▶ [Work item]: Your answer should be the exact lines of the data below from the one containing "Vegan Lip Balm" through the one containing "A peaceful and"; please include nothing else.

+ + + + + + +

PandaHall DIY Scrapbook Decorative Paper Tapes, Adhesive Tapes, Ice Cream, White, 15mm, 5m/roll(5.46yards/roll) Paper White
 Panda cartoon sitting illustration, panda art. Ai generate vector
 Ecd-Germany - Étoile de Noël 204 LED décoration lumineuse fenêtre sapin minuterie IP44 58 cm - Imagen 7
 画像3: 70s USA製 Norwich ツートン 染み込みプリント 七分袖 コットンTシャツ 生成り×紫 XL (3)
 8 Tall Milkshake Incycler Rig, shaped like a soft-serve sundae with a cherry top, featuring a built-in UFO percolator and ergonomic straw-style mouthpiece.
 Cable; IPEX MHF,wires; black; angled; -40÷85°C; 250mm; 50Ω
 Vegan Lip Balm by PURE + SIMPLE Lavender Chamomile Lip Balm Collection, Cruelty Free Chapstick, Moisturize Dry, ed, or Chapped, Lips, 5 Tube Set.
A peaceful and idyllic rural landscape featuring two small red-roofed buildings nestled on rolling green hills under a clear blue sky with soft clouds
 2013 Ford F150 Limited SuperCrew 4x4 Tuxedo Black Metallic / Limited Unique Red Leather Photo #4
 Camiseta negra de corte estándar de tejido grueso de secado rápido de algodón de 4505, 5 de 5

+ + + + + + +

▶ [Reply to the task]:
 Vegan Lip Balm by PURE + SIMPLE Lavender Chamomile Lip Balm Collection, Cruelty Free Chapstick, Moisturize Dry, ed, or Chapped, Lips, 5 Tube Set.
A peaceful and idyllic rural landscape featuring two small red-roofed buildings nestled on rolling green hills under a clear blue sky with soft clouds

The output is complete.